TokenStreamSplitter
Group |
|
Class Name |
com.ebd.hub.datawizard.parser.stream.TokenStreamSplitter |
Function |
This preparser is the stream version of the TokenFileSplitter. |
Configuration File |
sample_splitter.properties |
Description
This preparser has the same functionality as the TokenFileSplitter, with the difference that it is a stream preparser, so it is able to process data of any size, without storing all the data in the main memory.

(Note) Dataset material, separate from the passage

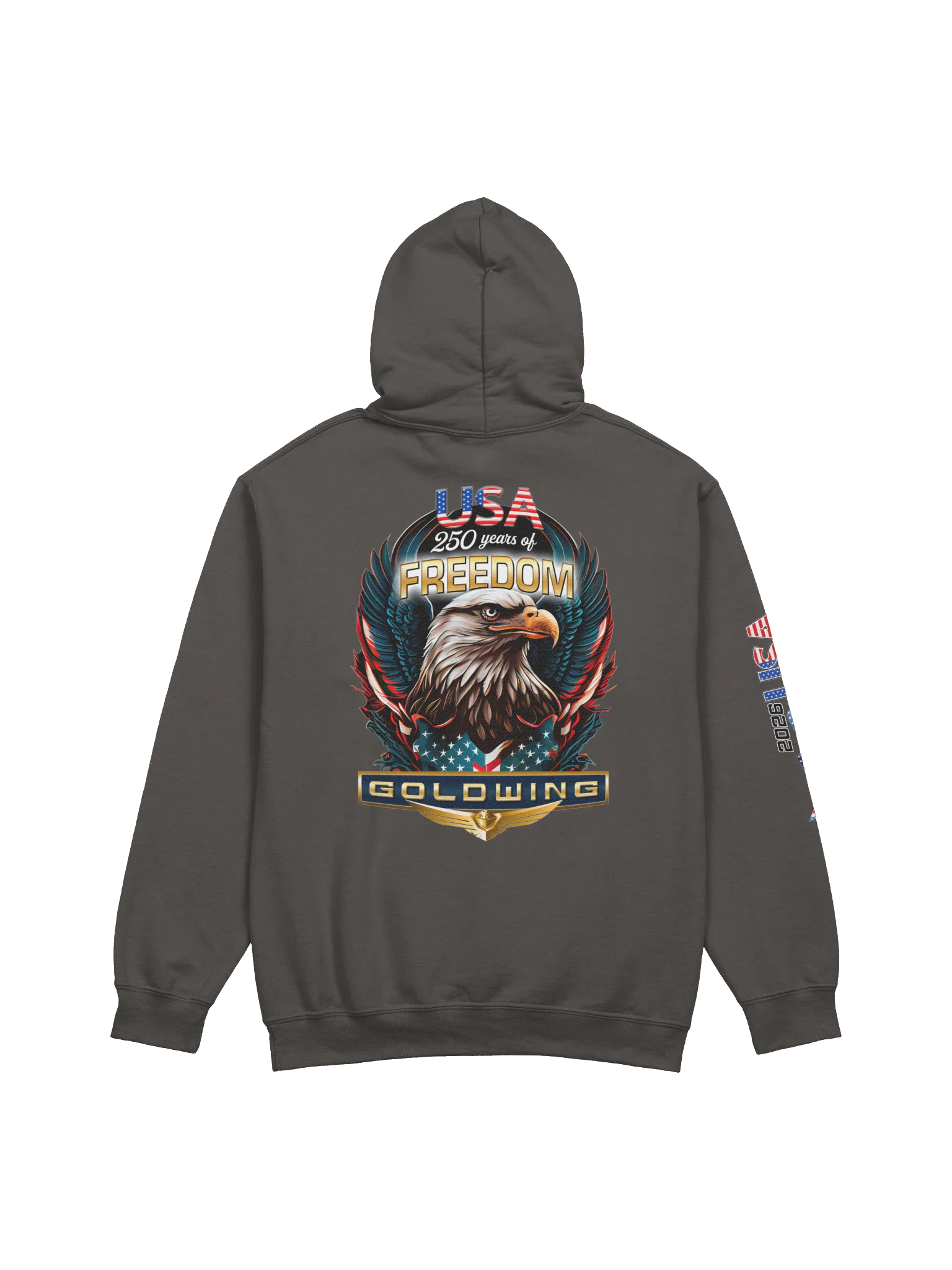 America 250 GOLDWING Hoodie product image (9)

Another difference: The parameter header is allowed to be a path to a text file if it conforms to the syntax read:<URL>. URL can be a local file path file:C:///directory/file.txt, an HTTP URL, or an FTP URL. The whole content of the file (maybe several lines) will be read and inserted as a separating line (rather a separating block) into the file.
Parameters
rows |
(mandatory) Number of lines, after which the separating line is added. |
header |
(mandatory) Separating line to be added. |
expression |
Regular expression that delays the adding of the separating line until it matches the current line. |
eol |
Number defining the end of line characters. 0 is interpreted as \n, 1 as \r and all other values as \r\n. |
filter |
Regular expression that filters the input lines. Lines that do not match the expression are ignored (not output and not counted). |
Example File
#
# sample file for TokenFileSplitter
#
# Supported keys are: rows, header, expression, eol
#
# rows = amount of rows that are combined for one record
# header = line that will be pasted into to indicate a new record
# expression = empty or a reg. expression that must match on current read line to create a new record (beside rows)
# eol=end of line (0=\n, 1 = \r, all other settings will be used for \r\n)
#
rows = 10
header=new!